> [Records provided]

· · · ·

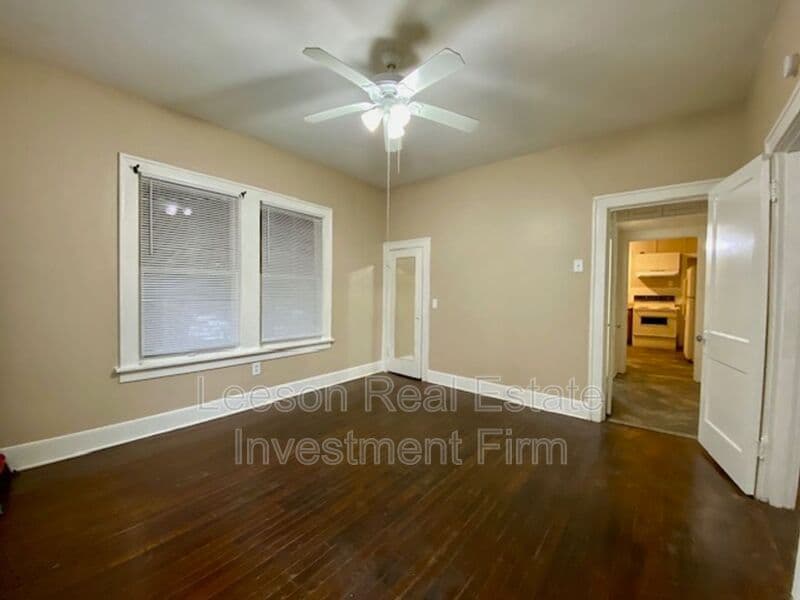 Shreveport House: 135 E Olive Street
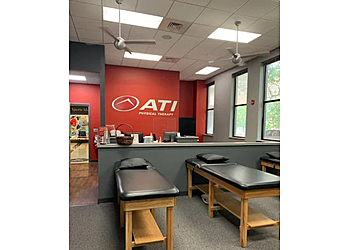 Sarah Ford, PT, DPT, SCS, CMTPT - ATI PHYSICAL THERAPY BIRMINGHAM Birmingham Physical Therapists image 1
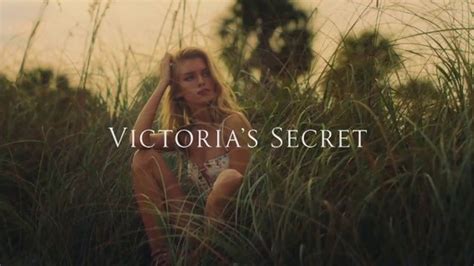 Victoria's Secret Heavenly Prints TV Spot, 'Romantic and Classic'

· · · ·

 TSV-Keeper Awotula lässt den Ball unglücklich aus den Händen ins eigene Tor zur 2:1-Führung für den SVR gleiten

· · · ·

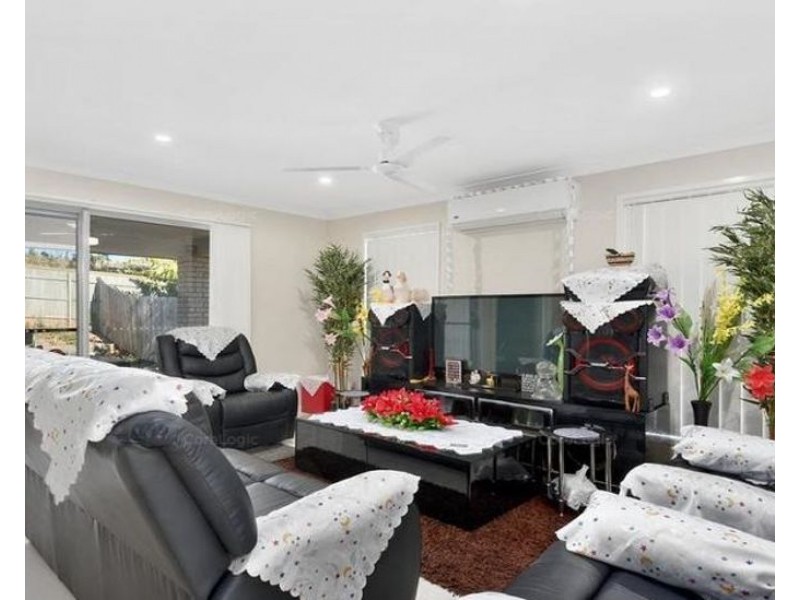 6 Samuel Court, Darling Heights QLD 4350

· · · ·

Your answer must be the lines above from the one holding "Sarah Ford, PT, DPT, SCS, CMTPT" up to and including the one holding "Victoria's Secret Heavenly", exact and with no pictures.

> [Response to the exercise]
 Sarah Ford, PT, DPT, SCS, CMTPT - ATI PHYSICAL THERAPY BIRMINGHAM Birmingham Physical Therapists image 1
 Victoria's Secret Heavenly Prints TV Spot, 'Romantic and Classic'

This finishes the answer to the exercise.